Rather than falling prey to fear and issuing a complete ban on bringing home this important source of nutrients (iodine from sea fish, healthy fats, vitamins A and D, phosphorus, magnesium, selenium) here’s what we can do to minimise risks of picking fish with harmful chemicals.

Ask questions

Get to know your fishermen and women. And ask them questions about where and how your fish was caught. This means avoiding shopping in supermarkets. Building a relationship of transparency and trust with the people who produce and sell your food is the only way to ensure pure, unadulterated food supply chains. Try and source directly from small-scale fishermen, who catch seasonal fish, and supply you with local varieties. This advice is comparatively easy to follow if you live along the coast.

Choose alternatives

Shouldn’t the smell of formalin raise red flags? Typically, formalin has a strong smell, which should immediately put off consumers. However, most of the formalin used to preserve seafood is diluted to the extent that the smell is not easily detectable.

Furthermore, because it is injected deep into the flesh, the smell may not become apparent until we cut into the flesh. It is only worth investing this time for varieties that give really high returns, that is, high value and popular varieties of seafood. Therefore, choosing alternatives to popular varieties will reduce your chances of encountering formalin-laced fish.



Some fishmongers point to red gills as the way to detect whether fish is fresh. Differentiate between reddish-maroon, which reflects freshness and maroonish-black, which is a sign of starting decay. However, when formalin is used in a fish, the fish retains the red coloured gills. Red gills could be a false symbol of freshness. So gauge the appearance of the fish as a whole.


Many fishermen and fish traders never take care to preserve anything other than the meat, whether in ice or using formalin. Therefore the condition of the fins and tail will immediately reveal the freshness. If the fins have started to shrivel and decay, then avoid the fish. It is easy to miss the fins, because they remain folded, and are often the first part of the fish to be cut off, but insist on seeing them spread out, so you can tell whether the fish is fresh.


Really fresh fish have clear eyes. The eyes of fish that have been dead for over two days start becoming cloudy.

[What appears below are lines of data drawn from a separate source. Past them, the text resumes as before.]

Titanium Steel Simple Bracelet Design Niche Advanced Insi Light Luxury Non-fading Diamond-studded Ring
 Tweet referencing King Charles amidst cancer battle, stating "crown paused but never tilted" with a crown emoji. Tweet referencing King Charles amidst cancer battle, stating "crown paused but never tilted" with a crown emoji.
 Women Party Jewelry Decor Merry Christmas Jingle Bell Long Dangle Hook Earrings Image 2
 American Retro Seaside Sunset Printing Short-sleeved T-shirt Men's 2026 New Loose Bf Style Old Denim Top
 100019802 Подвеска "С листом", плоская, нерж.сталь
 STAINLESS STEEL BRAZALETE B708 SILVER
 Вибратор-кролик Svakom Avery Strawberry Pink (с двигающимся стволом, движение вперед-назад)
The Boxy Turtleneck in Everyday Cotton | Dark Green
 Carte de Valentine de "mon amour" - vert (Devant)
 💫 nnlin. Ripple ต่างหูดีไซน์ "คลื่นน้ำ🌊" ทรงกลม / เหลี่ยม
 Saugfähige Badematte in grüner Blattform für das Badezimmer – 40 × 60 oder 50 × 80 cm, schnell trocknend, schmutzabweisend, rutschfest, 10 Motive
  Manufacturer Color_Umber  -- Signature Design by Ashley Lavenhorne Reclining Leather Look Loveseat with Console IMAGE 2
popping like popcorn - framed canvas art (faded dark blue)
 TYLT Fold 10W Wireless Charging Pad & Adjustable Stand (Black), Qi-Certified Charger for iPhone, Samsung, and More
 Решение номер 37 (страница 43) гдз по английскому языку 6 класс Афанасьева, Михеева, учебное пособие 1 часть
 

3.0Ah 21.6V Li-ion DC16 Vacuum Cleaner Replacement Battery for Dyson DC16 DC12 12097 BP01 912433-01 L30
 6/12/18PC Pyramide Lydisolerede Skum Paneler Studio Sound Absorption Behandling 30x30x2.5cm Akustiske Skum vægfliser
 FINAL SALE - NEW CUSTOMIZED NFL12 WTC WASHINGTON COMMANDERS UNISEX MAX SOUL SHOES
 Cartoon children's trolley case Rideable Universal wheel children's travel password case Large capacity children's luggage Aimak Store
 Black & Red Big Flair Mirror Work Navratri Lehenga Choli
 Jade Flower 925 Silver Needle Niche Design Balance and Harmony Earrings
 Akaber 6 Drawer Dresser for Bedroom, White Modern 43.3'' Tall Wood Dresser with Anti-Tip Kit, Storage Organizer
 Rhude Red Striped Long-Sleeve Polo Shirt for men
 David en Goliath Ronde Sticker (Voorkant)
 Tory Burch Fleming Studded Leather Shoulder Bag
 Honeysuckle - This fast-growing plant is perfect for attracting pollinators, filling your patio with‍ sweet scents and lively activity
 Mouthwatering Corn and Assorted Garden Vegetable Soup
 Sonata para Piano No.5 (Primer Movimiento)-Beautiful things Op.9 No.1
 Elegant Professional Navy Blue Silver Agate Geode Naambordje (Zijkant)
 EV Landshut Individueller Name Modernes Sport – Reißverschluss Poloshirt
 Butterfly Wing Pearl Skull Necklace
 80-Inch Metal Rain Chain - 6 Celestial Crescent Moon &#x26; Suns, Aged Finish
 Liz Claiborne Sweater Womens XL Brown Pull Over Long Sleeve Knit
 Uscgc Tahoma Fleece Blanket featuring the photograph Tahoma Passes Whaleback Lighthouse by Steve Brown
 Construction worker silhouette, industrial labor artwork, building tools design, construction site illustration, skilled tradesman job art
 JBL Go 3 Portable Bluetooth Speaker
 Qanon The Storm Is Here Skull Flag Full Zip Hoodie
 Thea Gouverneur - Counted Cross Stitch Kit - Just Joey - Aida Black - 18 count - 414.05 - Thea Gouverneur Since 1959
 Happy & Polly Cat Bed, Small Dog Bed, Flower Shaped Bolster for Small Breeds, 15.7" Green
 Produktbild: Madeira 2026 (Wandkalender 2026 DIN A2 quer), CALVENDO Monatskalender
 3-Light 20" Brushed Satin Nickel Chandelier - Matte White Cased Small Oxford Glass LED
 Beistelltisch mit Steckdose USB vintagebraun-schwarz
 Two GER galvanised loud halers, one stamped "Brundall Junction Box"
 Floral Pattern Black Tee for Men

If your fish comes from small-scale fishermen, you are likely to have fish with clear eyes, since they often do not have the capacity to go out fishing for more than two days.


A third characteristic is the firmness of the raw meat at room temperature. The meat should be firm and offer resistance to pressure, but not be rubbery. If it is rubbery, that suggests formalin preservation; if the flesh is soft, it suggests that decay has started to set in. Fish that are freshly caught from the sea still have a layer of mucous over their scales. Once the scales have started to dry out and feel more like sandpaper, you can tell that the fish is old.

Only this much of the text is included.